What does the future of AI in healthcare supply chain management look like?
Since healthcare is different and unique from other industries, our approach is to automate workflows as much as possible using agents while keeping a human in the loop. Once the customer feels confident, we can start fully abstracting those workflows so that AI agents are handling them entirely.
The other place gaining traction is copilot environments. For example, we have a product called the perfect order dashboard, which marries data insights. A customer may say, “Show me the view of my world, of where the supplies are, of where I’m doing an exceptional job with my suppliers getting those supplies on time, making sure that the orders and invoices are paid on time, and show me all of the discrepancies.” Still, that’s not enough.
The copilot allows you to tell a story with that data, very similar to a ChatGPT-like experience: “Show me the top three defaulting suppliers not delivering supplies on time.”
Once you have those supplier lists generated, you can say, “Send an email to XYZ supplier, making sure we have a quarterly business review scheduled, and please attach the perfect order dashboard view showing the last quarter’s trend.”
It might seem small, but it’s a huge value-add. It used to take maybe three or four hours to understand the data, extract insights, and drive follow-up actions and decisions. Now, it takes minutes.
What advice do you have for others in your position or who hope to be?

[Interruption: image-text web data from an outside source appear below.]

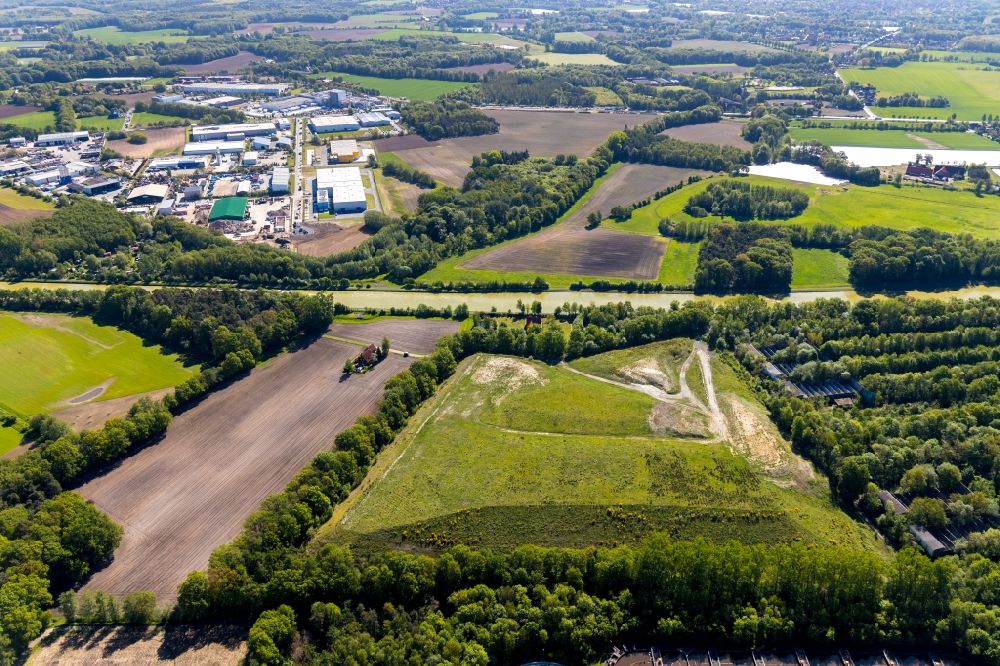 Aerial photograph Münster - Industrial and commercial area Hessenweg on the river course of Dortmund-Ems-Kanal in Muenster in the state North Rhine-Westphalia, Germany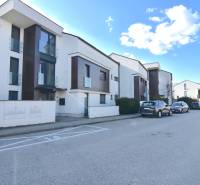 UHLISKÁ, 3-i byt, 80 m2 – zariadená novostavba s parkovaním v cene - Ulica Uhliská v Bratislave - Vajnory s radovou zástavbou a zaparkovanými autami.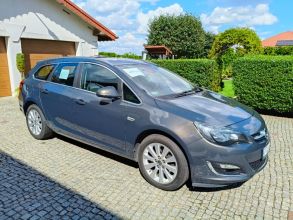Sprzedam Ople Astra Sport Tourer J 2014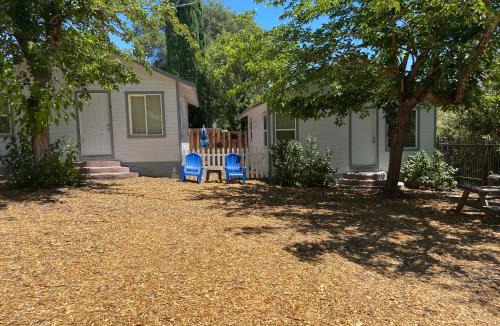 Clearlake Park Resort | Clearlake Cabins & Boat Parking
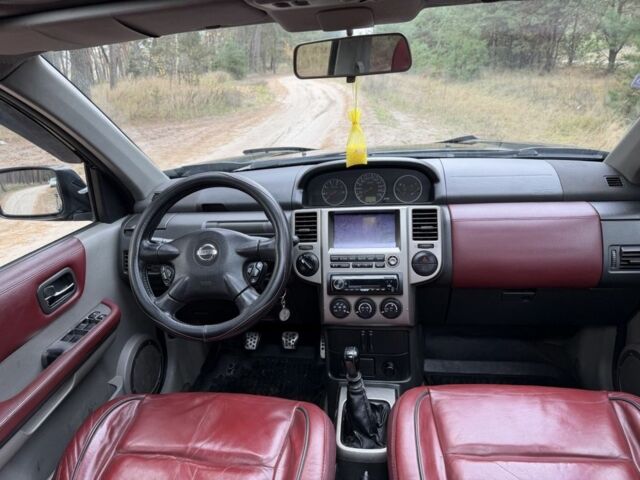 Черный Ниссан ИксТрейл, объемом двигателя 2.2 л и пробегом 225 тыс. км за 3800 $, фото 12 на Automoto.ua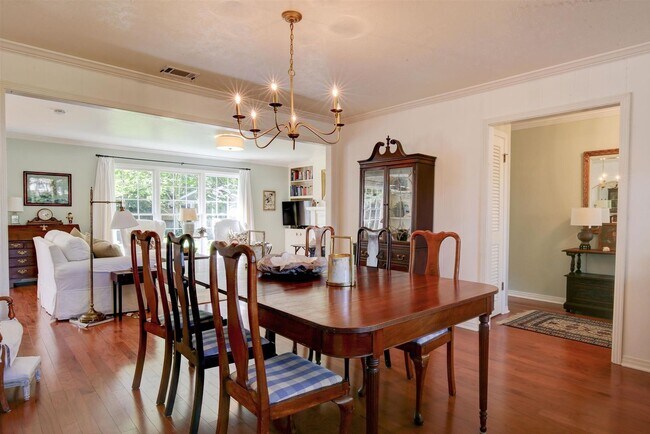 Building Photo - 453 Ivy Cir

The hardest or most useful thing you can do is to say no.
In healthcare, everything is urgent — and it truly is. But not everything matters equally. So, the ability to say no to the right things and ensure that you’re focusing on the highest value-added items for your customers is critical when you’re in healthcare.
Big Tech, or even a smaller tech startup, can innovate as research labs and fail. We don’t have that option. So understanding what matters now, what will matter in 10 years, and finding the right balance to focus on the right innovations, becomes critical.
It’s about having the right data, the right governance and mechanisms, and always thinking about performance, security, and privacy. It’s also about making responsible choices on where to invest your energy, so that you’re ultimately not working on the sexiest, coolest, or hardest things.
It comes back to the patient: making care affordable and of the highest quality possible.